ICSTIS and other regulators are anxious to know whether SMS are ‘calls’.
Topic: M-commerce
Who: ICSTIS, the Wireless Marketing Association
Where: UK
When: July/August 2001
What happened:
Malaysian Muslims may be quite clear, courtesy of recent counsel from the religious adviser to the Malaysian government, that they cannot divorce their wives using SMS messages. Wireless marketers, however, feel that they are in a position of much less certainty. Crucial is the question of whether the sending of an SMS message is for legal purposes exactly the same as making a telephone call. If it is, the Data Protection (Privacy and Telecommunications) Regulations come into play. This would mean that random number generators, now outlawed for fax and telephone marketing, would also be legally unacceptable in the UK in the context of SMS. It would also mean that the Telephone Preference Service applied, giving individuals the right to register with the TPS that they did not wish to receive marketing SMS and obliging all SMS marketers to clean their telesales list against that register at regular intervals. ICSTIS is calling for a pronouncement from the Information Commission on the point. Since the IC have always taken the view that e-mails amounted to “calls” for the purposes of the same Regulations (a view not shared by many others) it is perhaps surprising that they should not have been prepared to oblige before now. On the other hand, since the proper interpretation of the Regulations is at the end of the day a matter for the courts, it is difficult to see why a view from the IC determines the issue.

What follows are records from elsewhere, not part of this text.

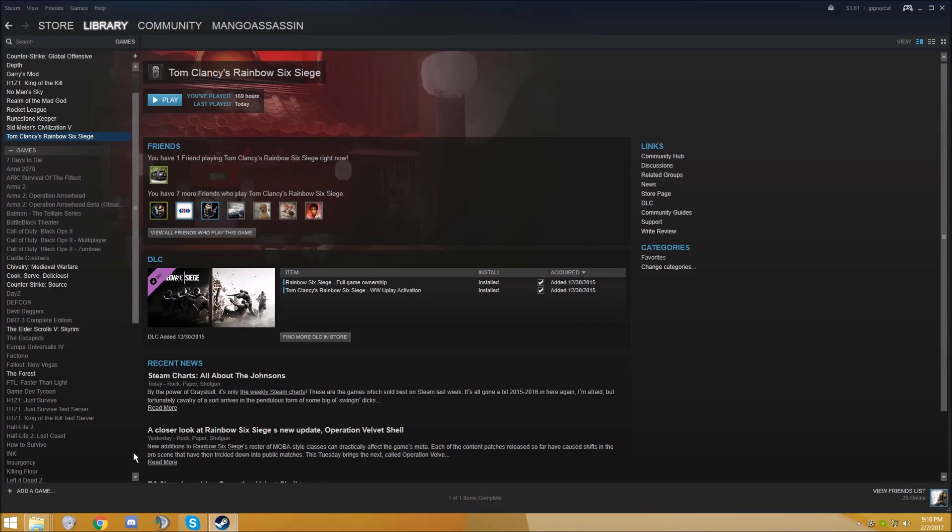What's going on guys, today I'm going to be showing you a couple of possible fixes for the problem of Rainbow Six Siege not working.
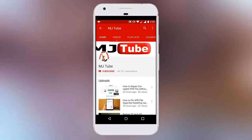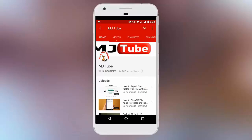Do subscribe to MJTube and hit on bell icon for latest updates.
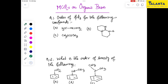Hi everyone, welcome to Talanta chemistry class. In this video, we will see the organic basicity order — to be more specific, there is a rule for proposing and predicting the order of basicity. We will try to reveal that with the help of these three problems. Here we go.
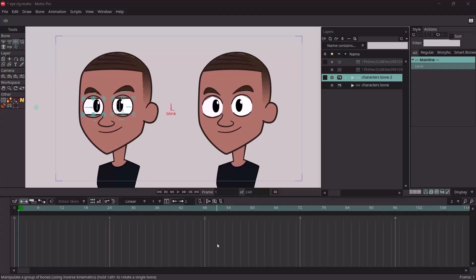Hi guys, welcome to Andy Animates. In today's tutorial, I'm going to take you through this new eye rig I created for this character.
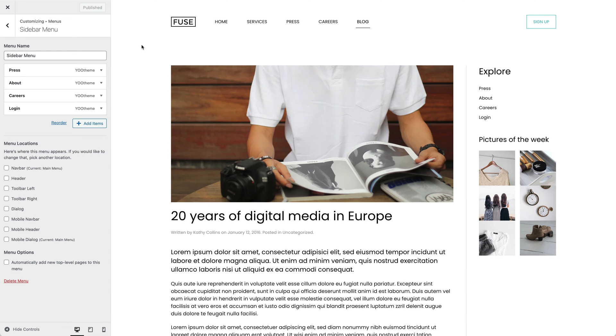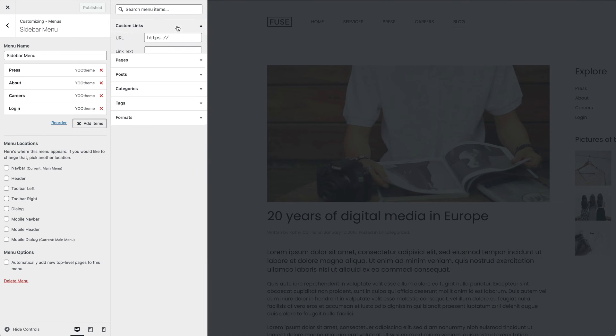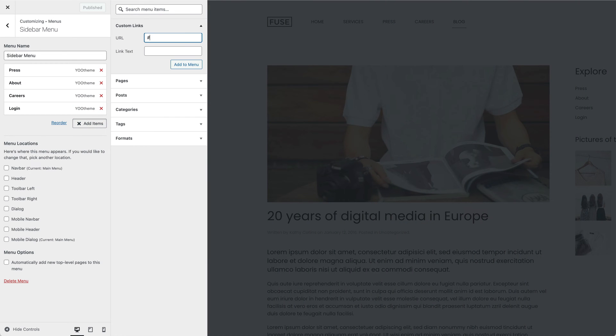To create an accordion menu, add a new menu item and select Custom links. Now enter hash for the URL field and type in the link text.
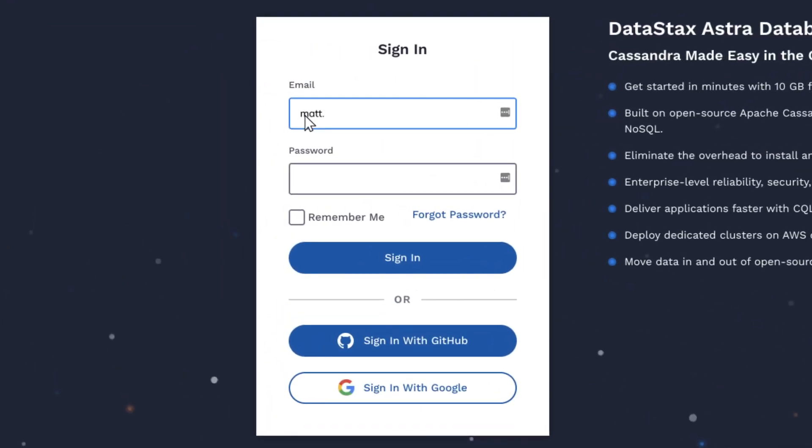There's no credit card required, just provide an email address and password, or better yet, sign up with Google or GitHub with just a click.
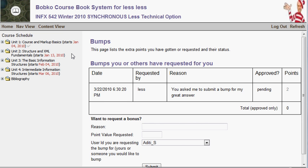You can also request a bump for yourself or for someone else. For bumping someone else, I'd choose between one and an absolute maximum of three points — over three may be excessive. If I see you bumping the same people repeatedly, I may ask you to hold back. I might also ask you to request a bump if you make a very apt comment or do something bump-worthy. The table shows bumps requested for you: date, who requested it, reason, status, and point value. Statuses are pending, approved, or denied.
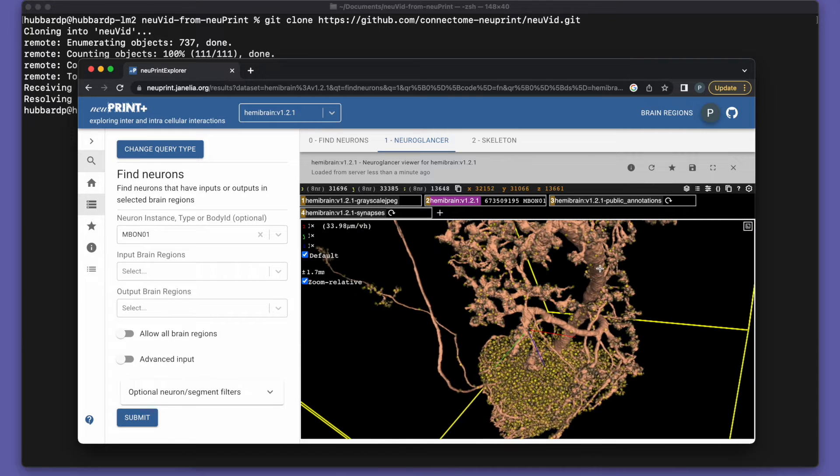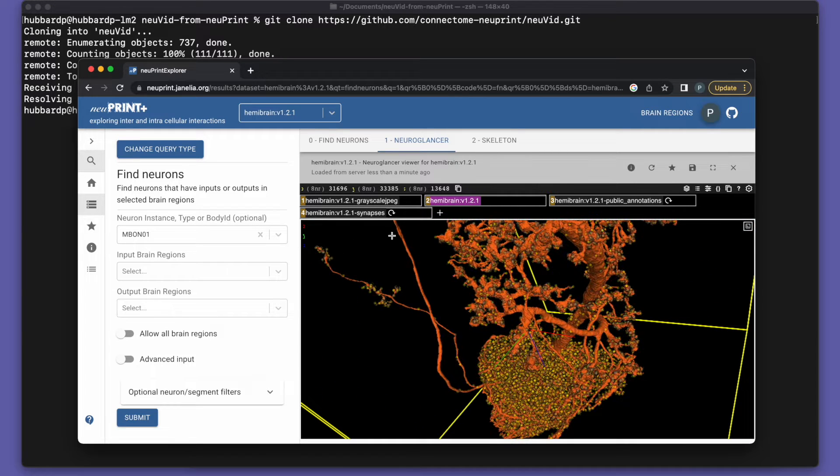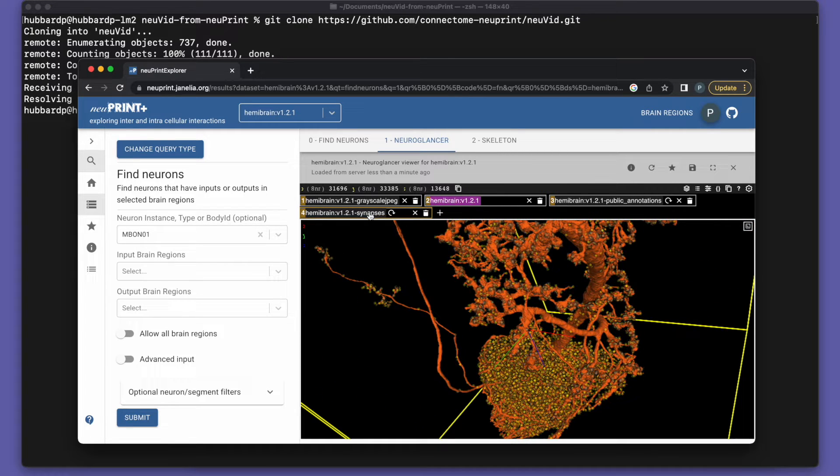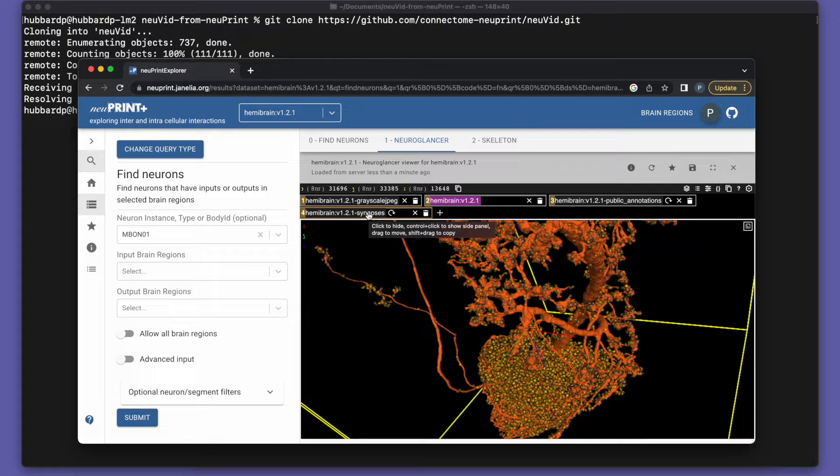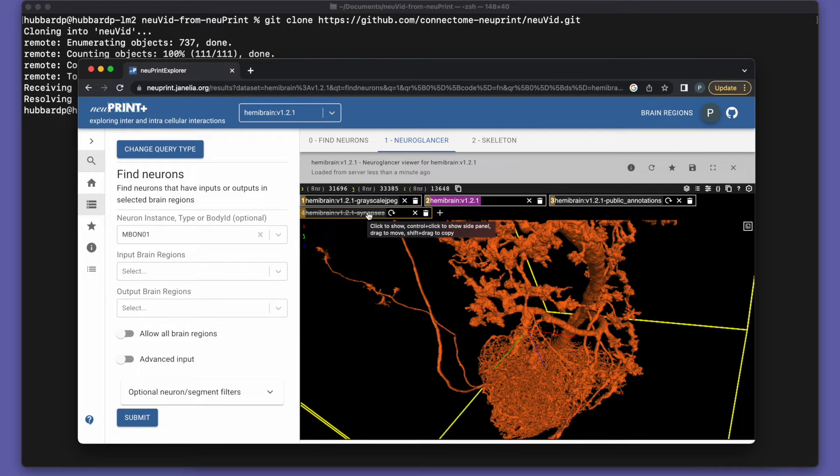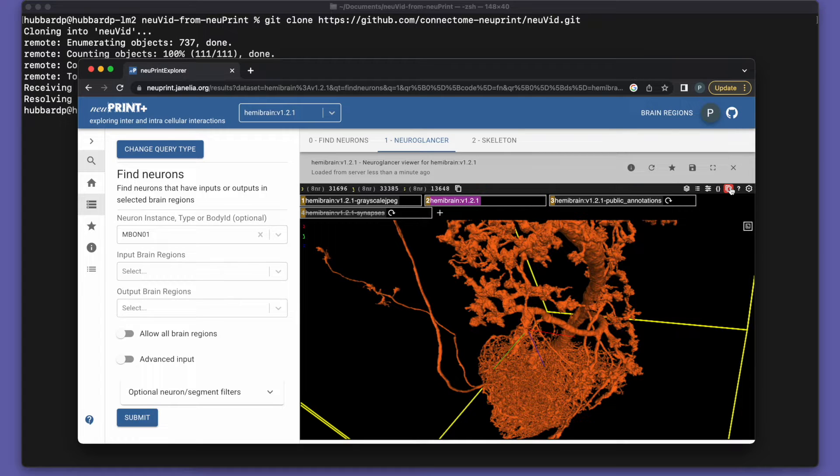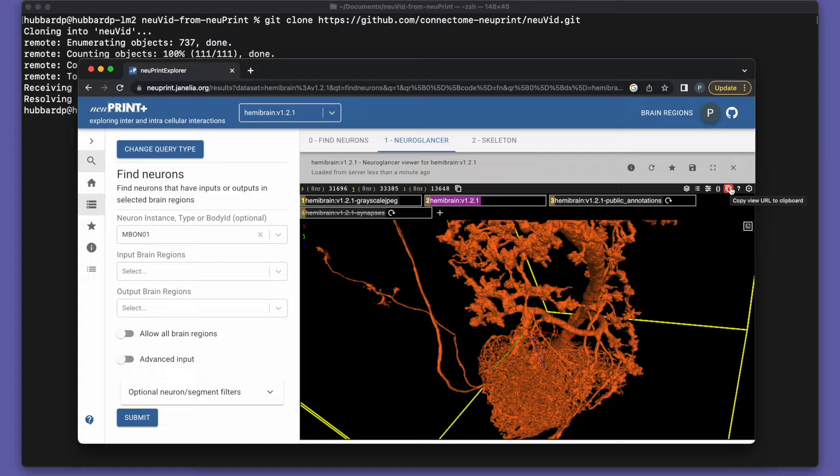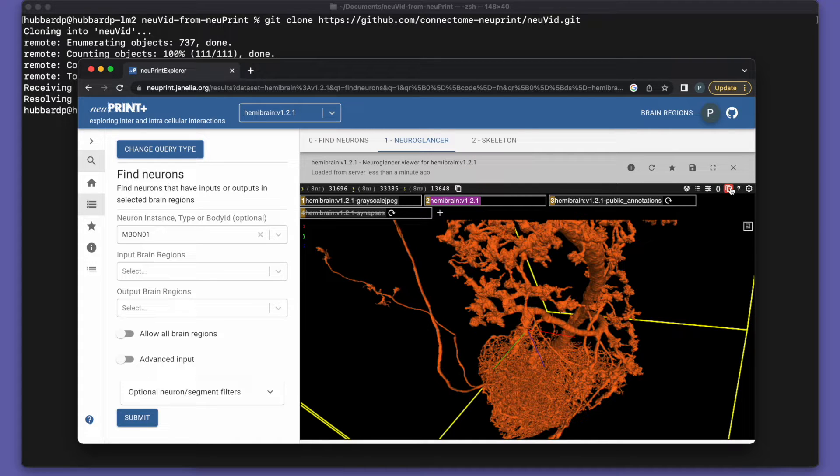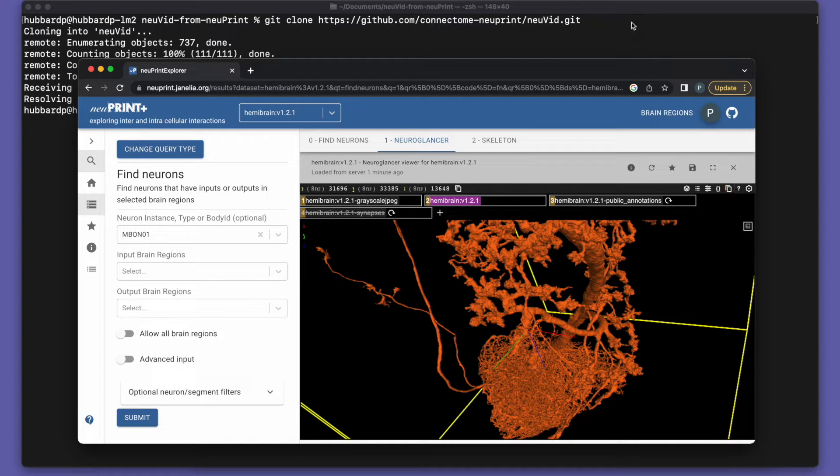For the first video we're making, we don't really want to see synapses. So I'll left click on this tab here to make them go away. Now I come over to this button, Copy View URL to Clipboard. I press that and the clipboard gets the information about what NeuroGlancer is showing. And then we can import that into NuVid.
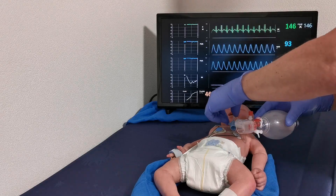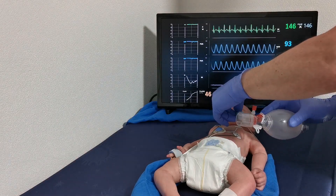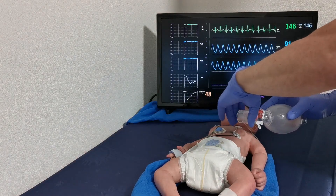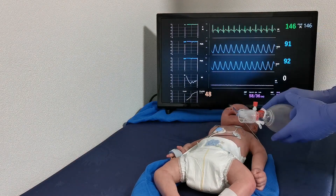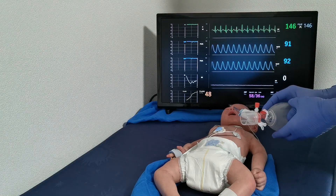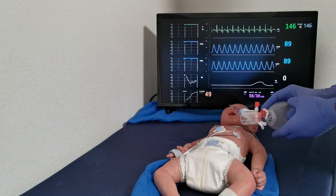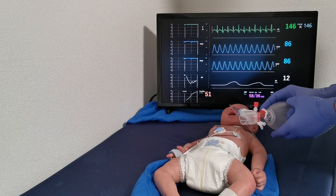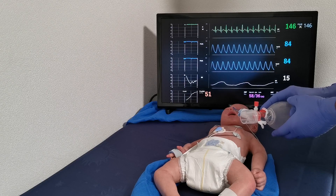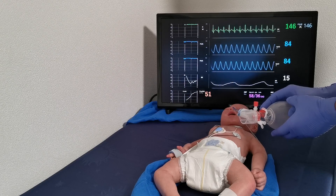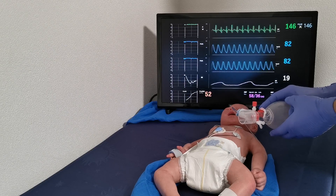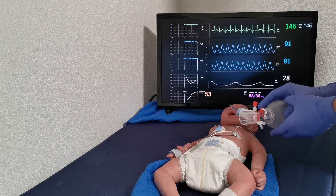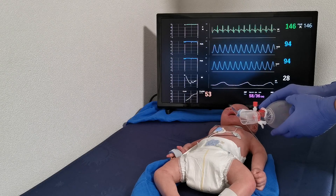If you start ventilation now — bagging, for example — you see the chest rise in the rhythm of your ventilation activity. The restored ventilation is also shown on the impedance curve. After a short time of restored ventilation, saturation rises.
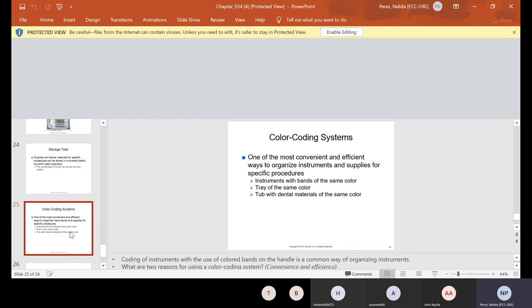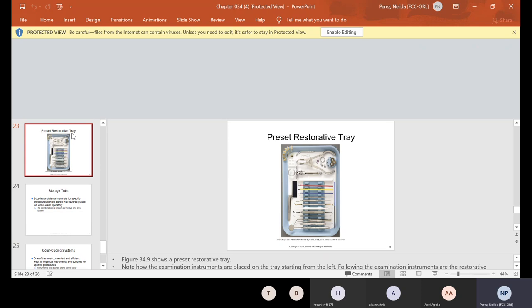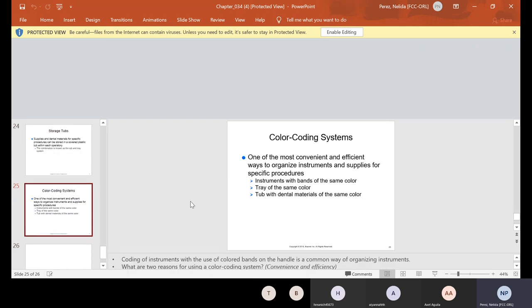Now there's also something called the color coding system. This is one of the most convenient and efficient ways to organize instruments and supplies for specific procedures. You put bands of the same color on those instruments. So these instruments don't have any, but in your Kindle, there might be a picture. You would put a specific color, let's say for amalgam. So all the instruments that have a blue band on them, meaning that they are amalgam instruments, all instruments that have a yellow band on them, they'll be composite, all instruments that have a green band on them, they might be endo and so on and so forth.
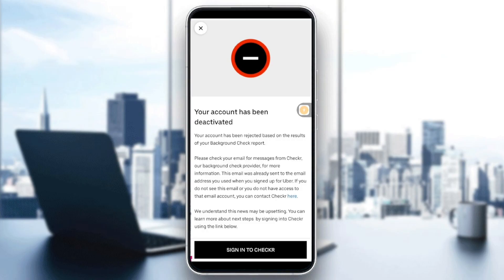So how can you fix that? You will need to start by checking your email. Uber typically sends an email explaining the reason for the deactivation. Look for subject lines like 'Your Uber account has been deactivated' or 'Action required to regain access.' Also check your spam and junk folder just in case you didn't find it in your normal emails.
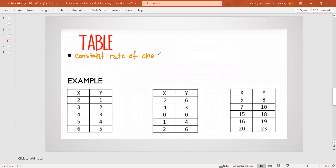What this means is we're looking for the change in y — delta y — divided by delta x to be the same each time.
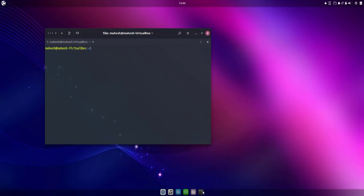Let's type our command. It starts from echo, then dollar sign XDG underscore current, then desktop.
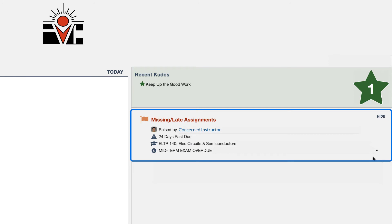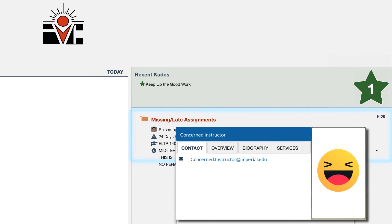So now the student could even follow up on it and say you know what I'm sorry I did drop the ball but I'm ready to get back in and make it up. And so you can take action and notify the instructor. The name of the instructor is a hyperlink so you can hover over it and get the email address and email the instructor directly from Starfish which is pretty neat.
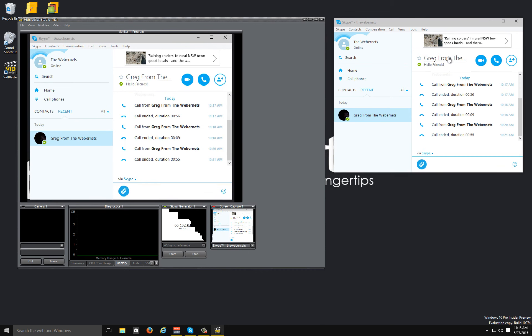So what we're going to do is in the drop-down I'm going to select the Skype TM window, which is going to show you the whole window, and I have another computer here that's running Skype. So I'm just going to make a call to this computer.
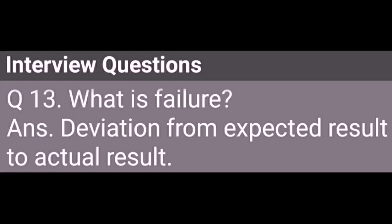What is Failure? Deviation from expected results to actual results is called Failure.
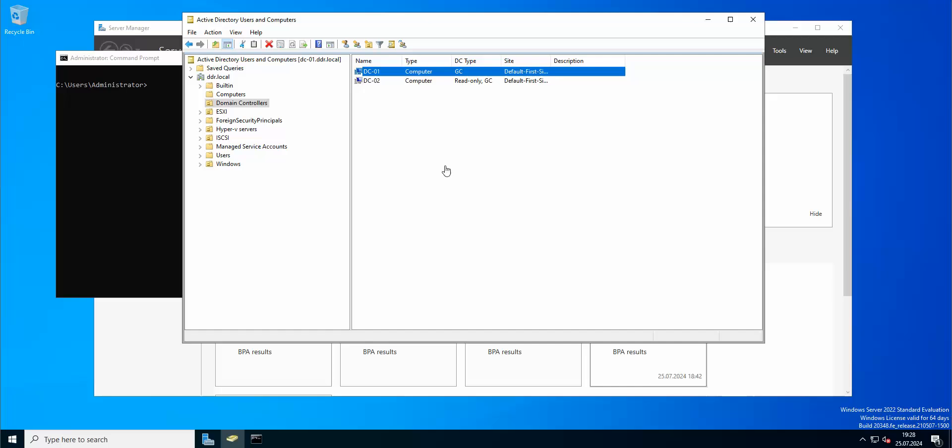Hello everyone and welcome to another edition of Veeam Backup and Replication version 12 tips and tricks. In today's installment, I wanted to talk about making a backup of your domain controller. As you can see, I have two domain controllers: one master domain controller and the second is a slave and read-only domain controller.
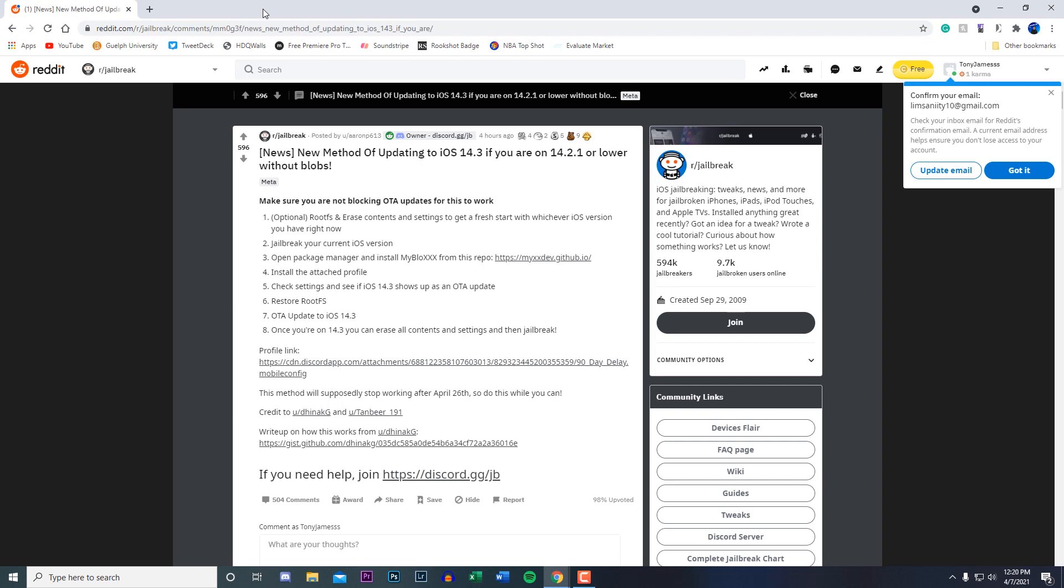This new method came out late last night for anyone who was late on updating to iOS 14.3 to jailbreak their device. I believe this will work even if you're on iOS 13, and obviously Apple stopped signing 14.3 to jailbreak your device, but you guys can actually update now.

In the meantime, related plans to set up a self regulatory SMS preference service have stalled for lack of funds, while the Wireless Marketing Association (not to be confused with its competitor the Wireless Advertising Association) has announced the introduction of its own consumer complaints procedure for SMS spam. Complaints would come direct to the WMA, who would then investigate and if appropriate work with SMS aggregators such as Mblox to shut down the offending sender’s account. In a related development, the WMA has also announced a tightening of its Code of Practice so as to introduce a ban on members having a premium rate line as their point of customer contact and make opt-in procedures easier to understand.
Why this matters:
SMS has emerged so rapidly that it has caught marketers and regulators by surprise. Apparently the DTI, Oftel and the IC are also working on the “is SMS a “call”” conundrum, and clearly much will flow from clarification on the point. Our own view is that SMS is certainly more likely to be regarded as a “call” than an e-mail, but full resolution may have to await one of the various relevant EU “harmonising” measures on their way.